Over the weekend, fast-moving wildfires continued their deadly rampage across huge swaths of California, Oregon and Washington, sending tens of thousands of people fleeing from their homes and incinerating entire communities.

At least 24 people have died — although those numbers are likely to rise as investigators and rescuers are able to access areas that may have been difficult to escape.

[Read the latest updates here.]

In Oregon, where more than a million acres have burned in some of the most dangerous infernos so far this year, officials said they were bracing for a “mass fatality incident.”

In California, the haunting images of smoldering debris and the gutting stories — like this one from The Oregonian, about a man’s desperate fight to save his family — feel familiar after years of increasingly destructive wildfire seasons.

But what has continued to astonish experts is the unprecedented scale of the fires this year.

[Read about the deaths, which have devastated communities up and down the coast.]

On Friday, Gov. Gavin Newsom gave his usual virtual news briefing standing among trees charred by the raging North Complex Fire, in the midst of a yellowish haze.

He sounded a dire warning about the realities of climate change and railed against federal leaders who he said were falsely denying its realities.

“California is America in fast forward,” he said. “What we’re experiencing right now is coming to communities all across the country.”

While the governor acknowledged that poor forest management over decades has contributed to the severity of wildfires in recent years, he said that mega-droughts and record-breaking heat waves were undeniable evidence that many of the extreme predictions about climate change had already come true.

[Read about how the fires, raging where they don’t usually burn, represent a new climate menace for Oregon.]

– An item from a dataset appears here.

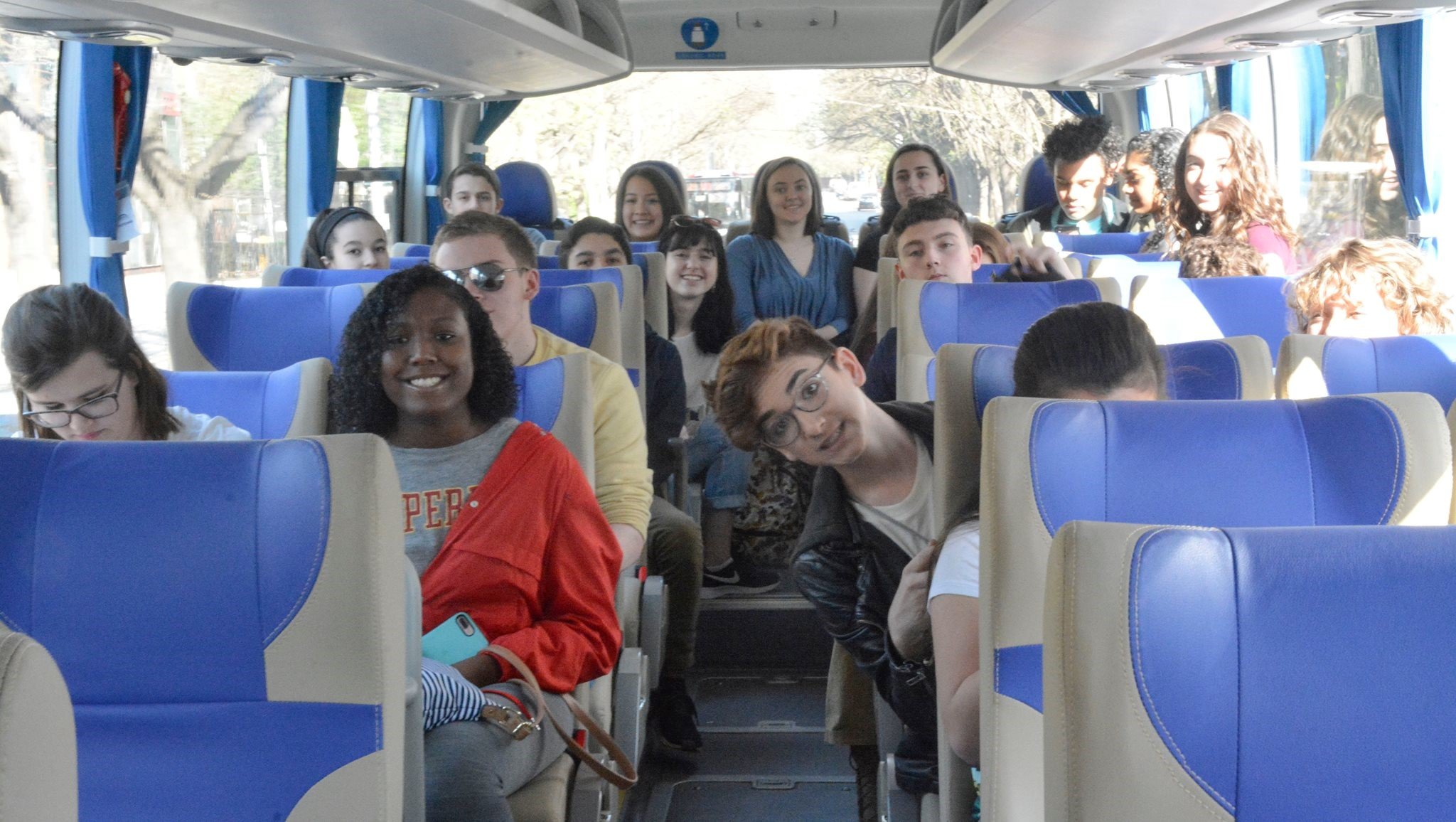 	A group of students smile for a group picture on a tour bus.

“My 4-year-old has moved from talking about a novel coronavirus — his actual words — to asking me why he can’t play around outside with a soccer ball,” he said. “That’s not the world that I want to leave to our kids.”

Millions of Californians were effectively homebound by toxic air over the weekend in a grim preview of the months that could be ahead. It’s still only September, after all.

In my Los Angeles neighborhood, I could smell and feel the smoke in my throat during a short walk down the block on Saturday. A sooty film had settled on the trees and cars, and the sun was visible as a glowing red circle in a gray-brown sky.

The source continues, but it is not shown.